También existen programas gratuitos para aquellos que no puedan invertir en una herramienta de pago o, sencillamente, consideren que no la necesitan. El propio Ministerio de Industria ofrece una dirigida, fundamentalmente, a pymes, micropymes y perfiles del tipo freelance.

El inconveniente de las plataformas gratuitas es que a menudo suelen ser bastante limitadas en sus prestaciones, con funcionalidades que permiten una gestión de tareas muy básicas como la creación de facturas, el envío desde la propia aplicación o la realización de presupuestos e informes.

Tener en cuenta las necesidades del negocio
A la hora de elegir un programa de facturación es necesario tener en cuenta las necesidades del propio negocio.
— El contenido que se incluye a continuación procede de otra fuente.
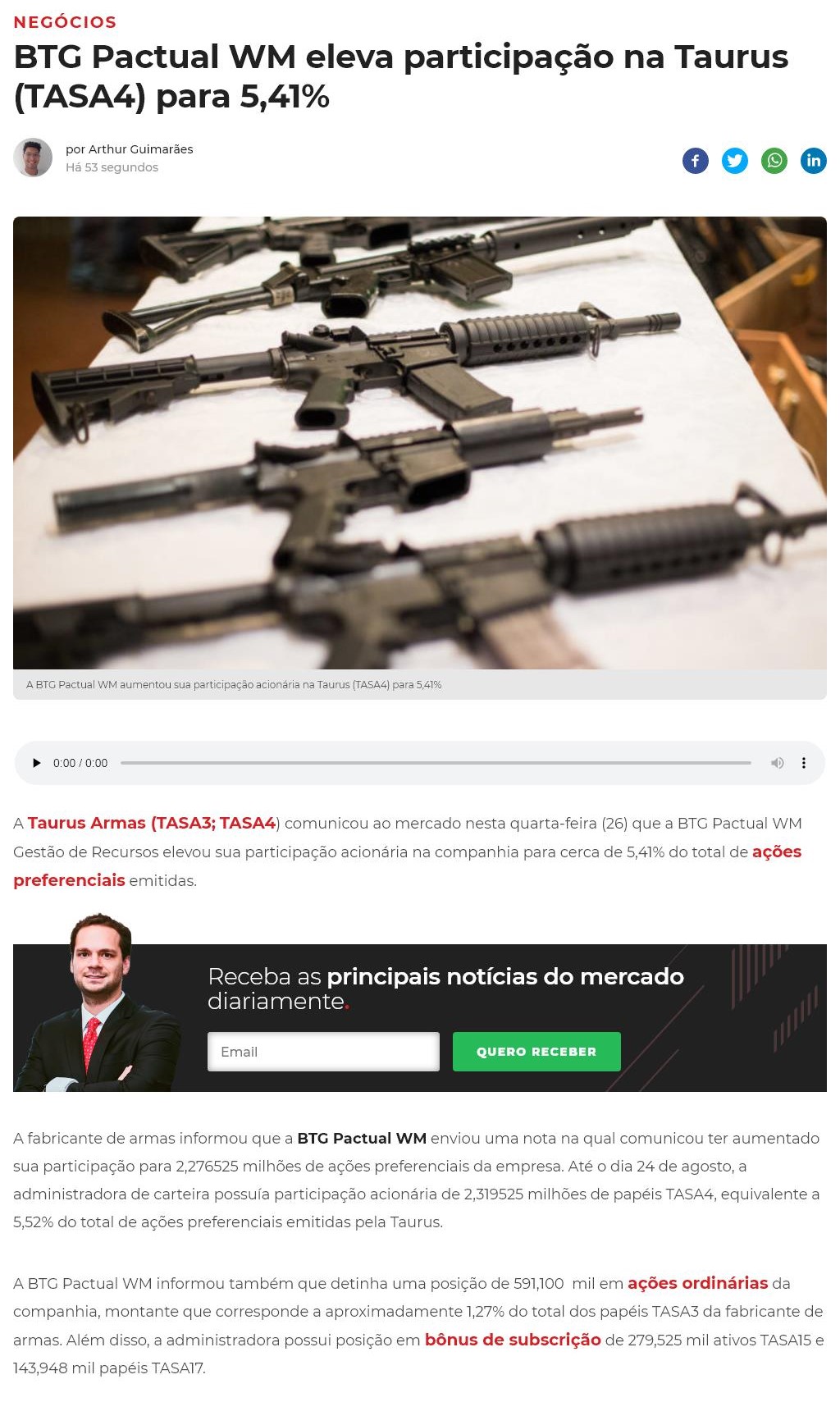 BTG PACTUAL WM ELEVA PARTICIPAçãO NA TAURUS (TASA4) PARA 5,41%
Es importante valorar qué tipo de productos o servicios se vende, la cantidad de existencias que se maneja o el número de clientes y de proveedores.

Otro aspecto no menos importante es ser consecuentes con el tiempo y dedicación que se puede dedicar a las labores de contabilidad, sobre todo en el caso de ser uno mismo quien va a gestionar este tipo de tareas, así como la propia habilidad para utilizar herramientas informáticas.

En este caso, funciona la máxima del “menos es más”. Esto quiere decir que es preferible contar con un programa de facturación sencillo que ofrezca únicamente las funcionalidades que se consideren necesarias para la actividad.

Utilizar un programa que sea práctico y fácil de usar agilizará las gestiones de contabilidad y, en definitiva, ofrecerá un mayor control al profesional de su propio negocio. Además, evitar las complejidades propias de programas más avanzados ayudará a no entorpecer otras tareas.

No obstante, en el caso de que la empresa crezca o se empiece a generar un volumen elevado de actividad, es recomendable valorar la opción de contar con un sistema de contabilidad más avanzado, que son generalmente de pago.

En definitiva, la contabilidad es vital para el correcto funcionamiento y desarrollo de un negocio. Por este motivo, merece la pena invertir tiempo y dinero en ella, ya que prestarle la debida atención puede, en el futuro, ahorrar al autónomo más de un quebradero de cabeza.